**EXERCISE REQUIREMENTS:** The response should repeat word for word every line below from the one with "The Locale Hotel" to the one with "У Каменной лестницы", inclusive, and nothing else; leave pictures out.
(DATA UNDER STUDY Opens)
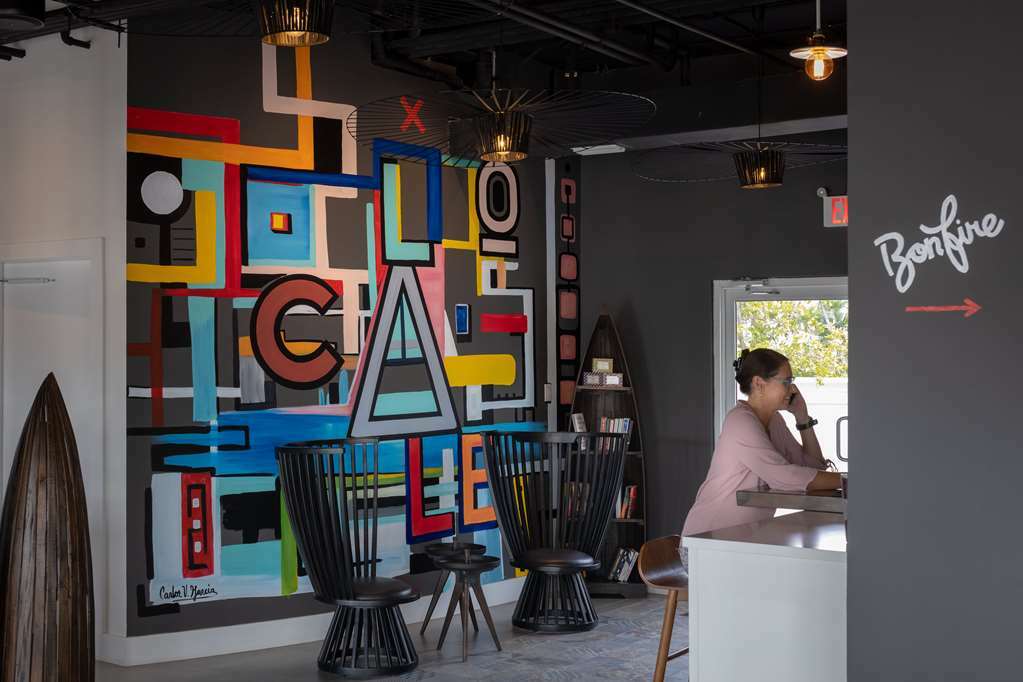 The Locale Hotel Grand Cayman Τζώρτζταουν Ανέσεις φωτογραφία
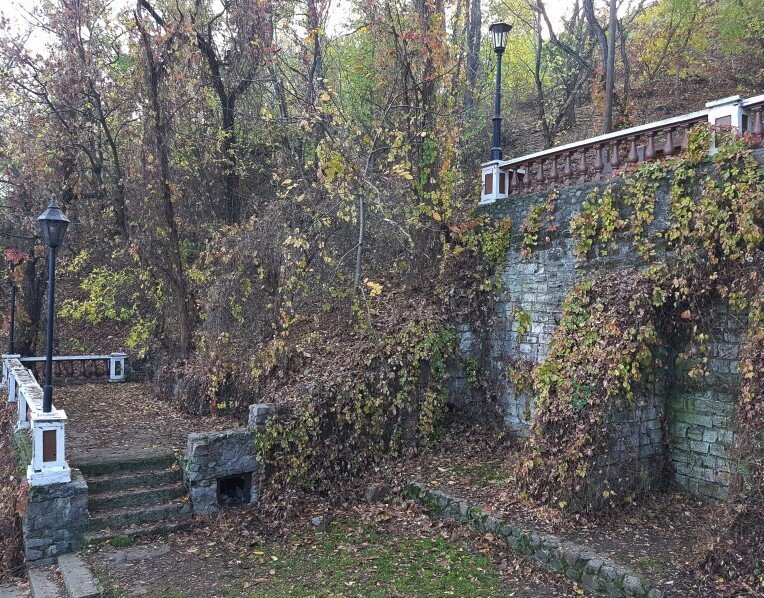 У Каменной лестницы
(DATA UNDER STUDY Closes)
(DATA UNDER STUDY Opens)
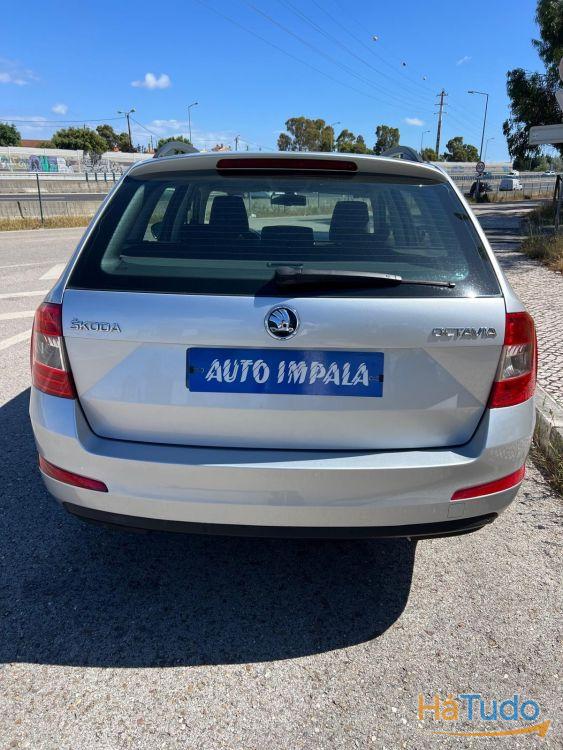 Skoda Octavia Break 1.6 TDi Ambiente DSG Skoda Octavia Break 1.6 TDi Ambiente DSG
(DATA UNDER STUDY Closes)
**RESULT FOR THIS TASK:**
 The Locale Hotel Grand Cayman Τζώρτζταουν Ανέσεις φωτογραφία
 У Каменной лестницы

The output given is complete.